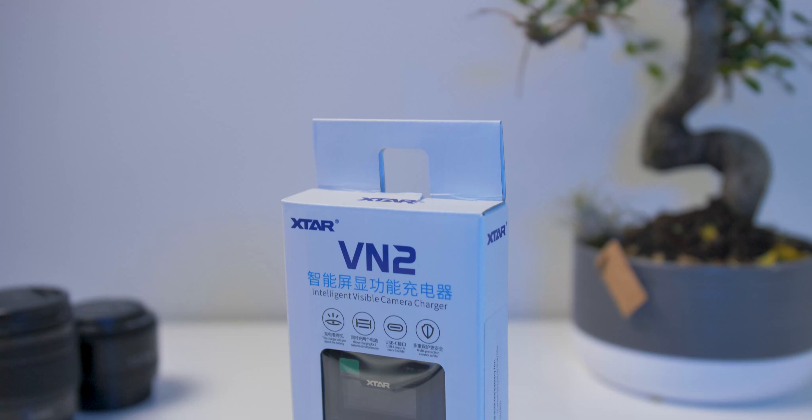Hello guys, my name is Seaner and in today's video I'm going to be reviewing the xstar VN2 charging unit. Disclaimer: xstar was kind enough to send me this unit for review, but this is going to be an honest review — they are not going to see this before you. I'm going to talk about positives and negatives. In this channel I do tech reviews, gear reviews, and unboxings about cameras and drones, so if you're interested in this kind of content please consider subscribing.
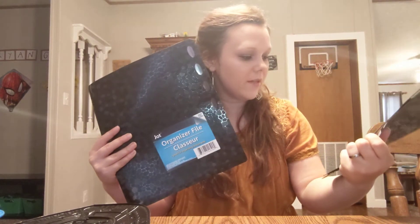I got these organizing files for Gabe — they're by Jot and I got the black ones, two of them. I like these. I'm gonna start putting his school stuff in there, like the little projects he does at school.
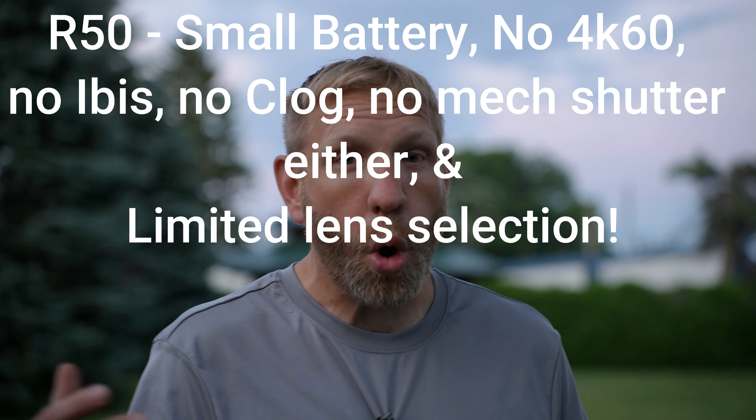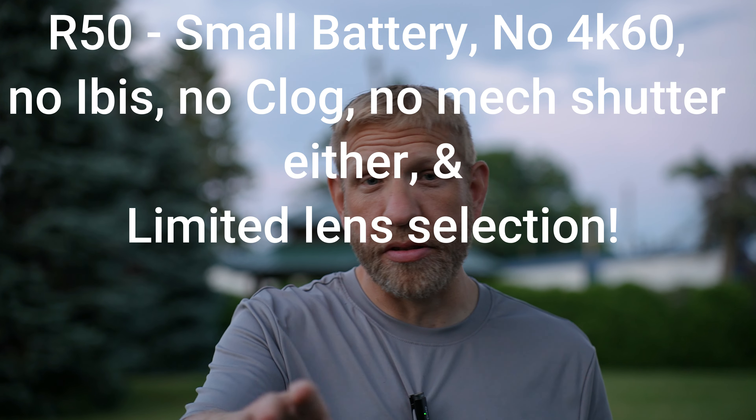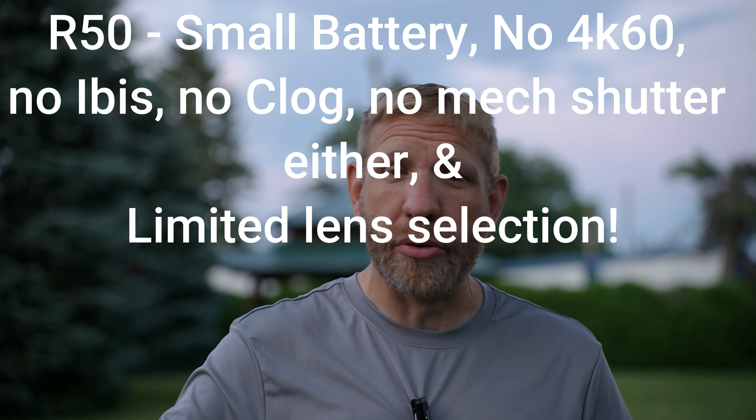If you compare that to the Canon R50 right now, you can buy that for $700 with the lens. So they've got to be able to offer the value, and the value is going to be in the specs — specifically the better 10-bit. The R50 is kind of old-tech 4K, and the ZVE-10 Mark II is going to have no crop on the 4K60. I assume it's going to be just like the A6700. I'm hoping it'll be $899 or $999 with the new lens.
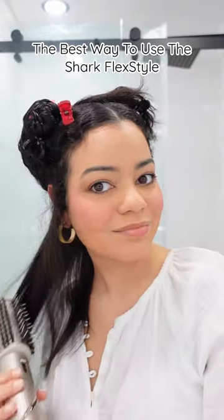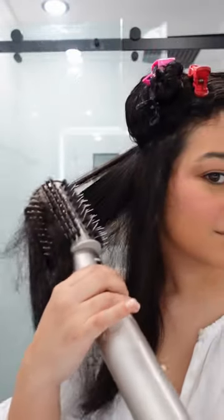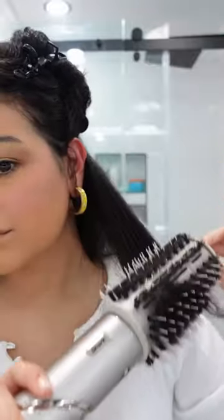This is the best way to get smooth results with your Shark FlexStyle. Step number one: dry most of your hair with your round brush. The next step is to smooth out the roots — as you can see I still have some waves — so we're going to do that with the nozzle attachment.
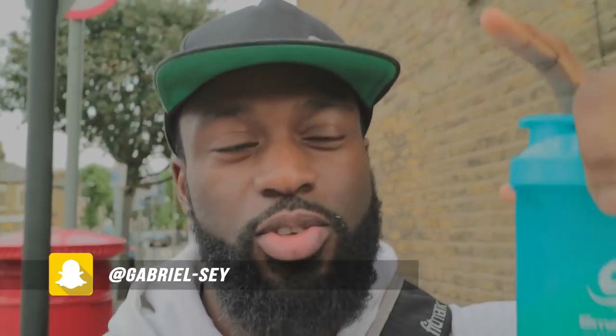I changed a few things on the gabrielsay.com website — there's new online coaching packages, meal plan stuff, check your technique. Check out the new website, let me know what you think. I'm going to put the link on the screen now and in the description box.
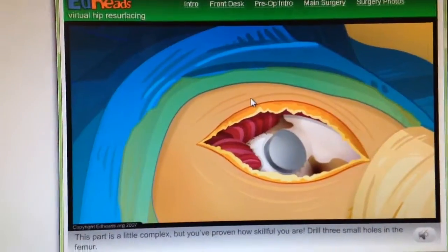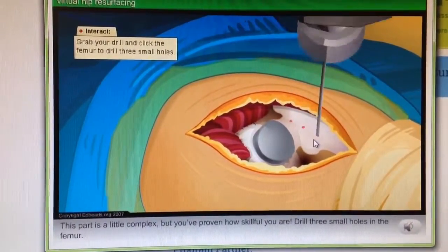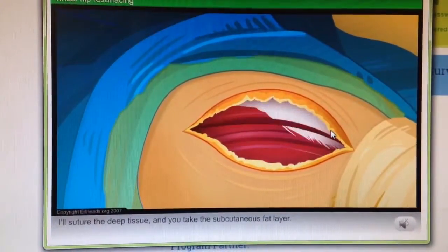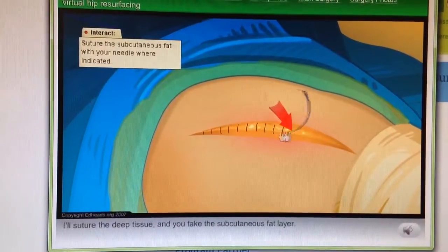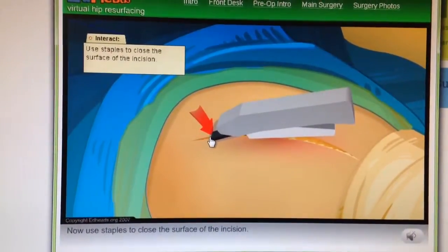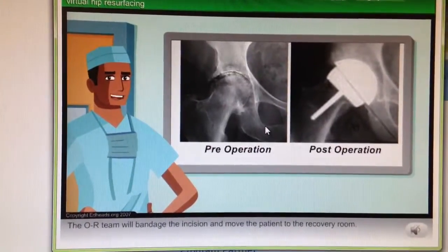Time to close! This part is a little complex, but you've proven how skillful you are. Drill three small holes in the femur. Let's suture the hip capsule to the holes you just drilled. I'll suture the deep tissue and you take the subcutaneous fat layer. Now use staples to close the surface of the incision. Your technique? Flawless. Why couldn't we use sutures?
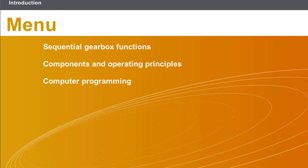This lesson will cover the following topics: Components and Operating Principles.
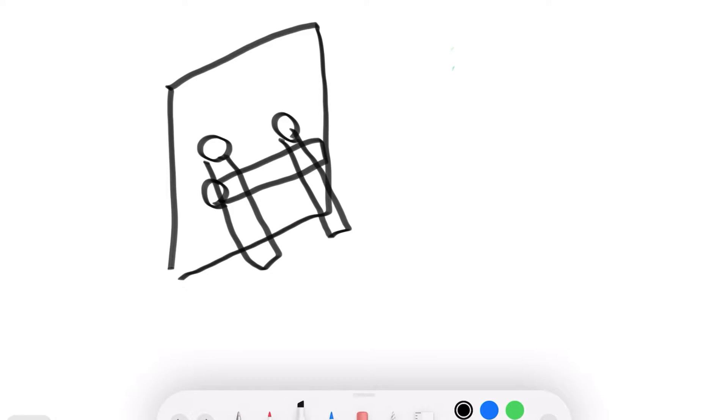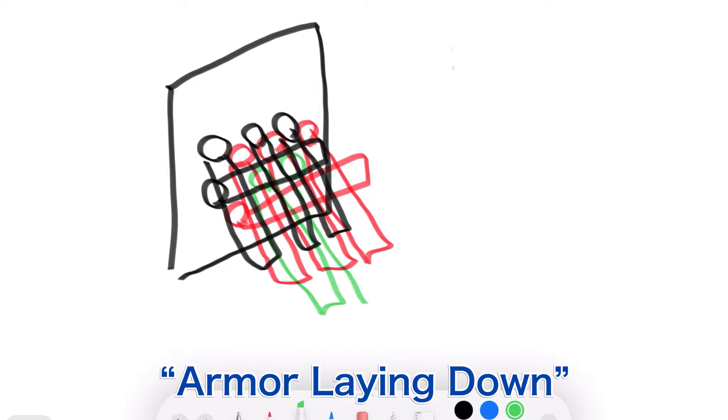Next is armor laying down. This is a way to lean further logs against the empty part of the tree gate arrangement, just adding extra logs between the tree gate. It looks like it is wearing armor.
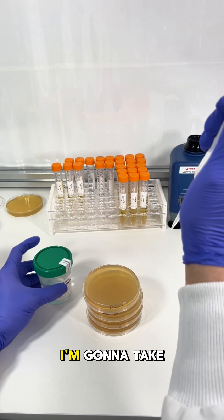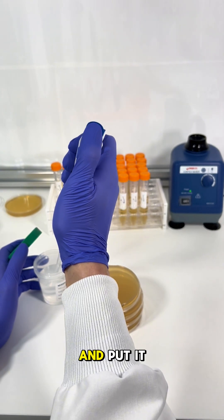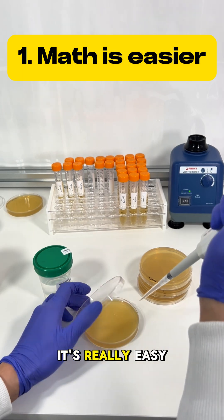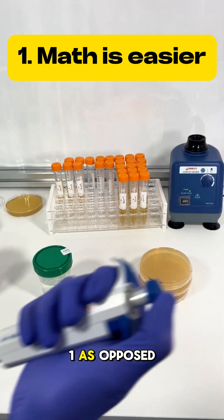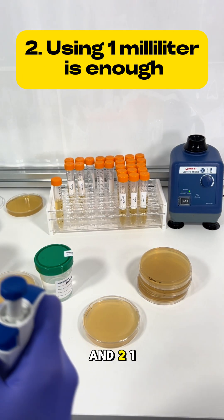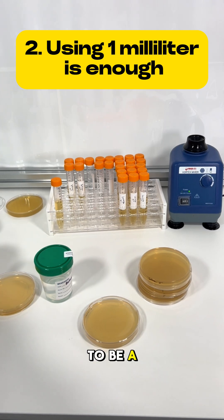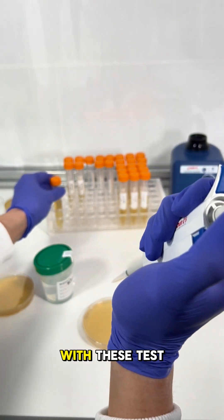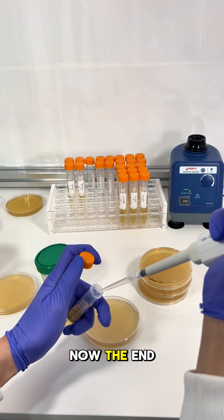To test the water, I'm taking one milliliter of water and putting it onto a tryptic soy agar plate. The reason it's just one milliliter is: first, it's easy to do math with the number one as opposed to two or three; and second, one milliliter has been determined to be a sufficient volume for this testing process. Next, I'm going to make some dilutions with these test tubes.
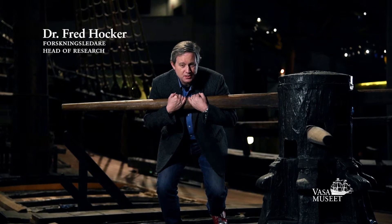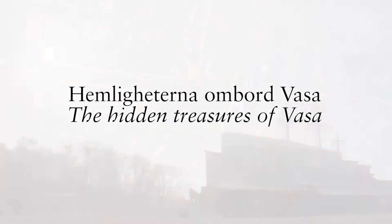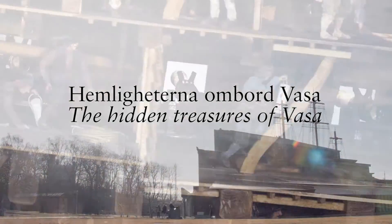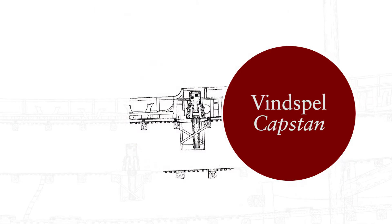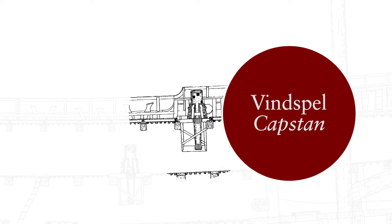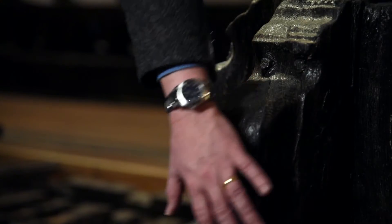Men pushed at these capstan bars to lift heavy weights like anchors and topmasts. The ship was equipped with three capstans, which is this device. It's essentially a machine that multiplies the muscle power available from the crewmen. If you have a heavy load that's too much for men simply to haul on — say an anchor cable or the top rope used for setting up the topmast — it would be wrapped around the base of the capstan over these whelps, which would grab hold of it.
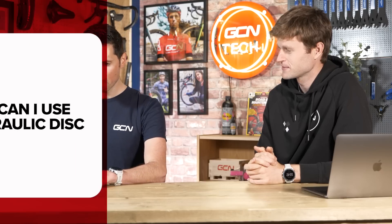Next question is from Gaspar Flisa. They say: can I use car brake fluid for my hydraulic disc brakes? Yes, you can, provided that it's of the correct level and standard. If you're using DOT fluid, just make sure it's DOT four or DOT five. What you can't do is mix up different types of brake fluid. Seeing as cars don't use mineral oil, you won't be able to use any Shimano brakes. The simple answer is don't mix anything up — all of your brakes will have written on them what fluid they should use.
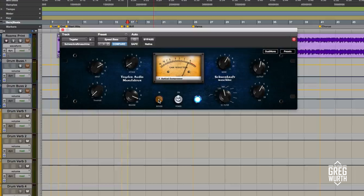So to start, let's check out the bass. I have it in optical compressor mode, which is mode 7. Let's take a listen without it and then I'll engage it.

:::::

## WHAT YOU HAVE TO DO
Apart from the pictures, every record must be set down exactly.

## THE COMPLETED TASK
Hello guys, my name is Seaner and in today's video I'm going to be reviewing the xstar VN2 charging unit. Disclaimer: xstar was kind enough to send me this unit for review, but this is going to be an honest review — they are not going to see this before you. I'm going to talk about positives and negatives. In this channel I do tech reviews, gear reviews, and unboxings about cameras and drones, so if you're interested in this kind of content please consider subscribing.
I got these organizing files for Gabe — they're by Jot and I got the black ones, two of them. I like these. I'm gonna start putting his school stuff in there, like the little projects he does at school.
If you compare that to the Canon R50 right now, you can buy that for $700 with the lens. So they've got to be able to offer the value, and the value is going to be in the specs — specifically the better 10-bit. The R50 is kind of old-tech 4K, and the ZVE-10 Mark II is going to have no crop on the 4K60. I assume it's going to be just like the A6700. I'm hoping it'll be $899 or $999 with the new lens.
This is the best way to get smooth results with your Shark FlexStyle. Step number one: dry most of your hair with your round brush. The next step is to smooth out the roots — as you can see I still have some waves — so we're going to do that with the nozzle attachment.
I changed a few things on the gabrielsay.com website — there's new online coaching packages, meal plan stuff, check your technique. Check out the new website, let me know what you think. I'm going to put the link on the screen now and in the description box.
Time to close! This part is a little complex, but you've proven how skillful you are. Drill three small holes in the femur. Let's suture the hip capsule to the holes you just drilled. I'll suture the deep tissue and you take the subcutaneous fat layer. Now use staples to close the surface of the incision. Your technique? Flawless. Why couldn't we use sutures?
This lesson will cover the following topics: Components and Operating Principles.
Next is armor laying down. This is a way to lean further logs against the empty part of the tree gate arrangement, just adding extra logs between the tree gate. It looks like it is wearing armor.
To test the water, I'm taking one milliliter of water and putting it onto a tryptic soy agar plate. The reason it's just one milliliter is: first, it's easy to do math with the number one as opposed to two or three; and second, one milliliter has been determined to be a sufficient volume for this testing process. Next, I'm going to make some dilutions with these test tubes.
Men pushed at these capstan bars to lift heavy weights like anchors and topmasts. The ship was equipped with three capstans, which is this device. It's essentially a machine that multiplies the muscle power available from the crewmen. If you have a heavy load that's too much for men simply to haul on — say an anchor cable or the top rope used for setting up the topmast — it would be wrapped around the base of the capstan over these whelps, which would grab hold of it.
Next question is from Gaspar Flisa. They say: can I use car brake fluid for my hydraulic disc brakes? Yes, you can, provided that it's of the correct level and standard. If you're using DOT fluid, just make sure it's DOT four or DOT five. What you can't do is mix up different types of brake fluid. Seeing as cars don't use mineral oil, you won't be able to use any Shimano brakes. The simple answer is don't mix anything up — all of your brakes will have written on them what fluid they should use.
So to start, let's check out the bass. I have it in optical compressor mode, which is mode 7. Let's take a listen without it and then I'll engage it.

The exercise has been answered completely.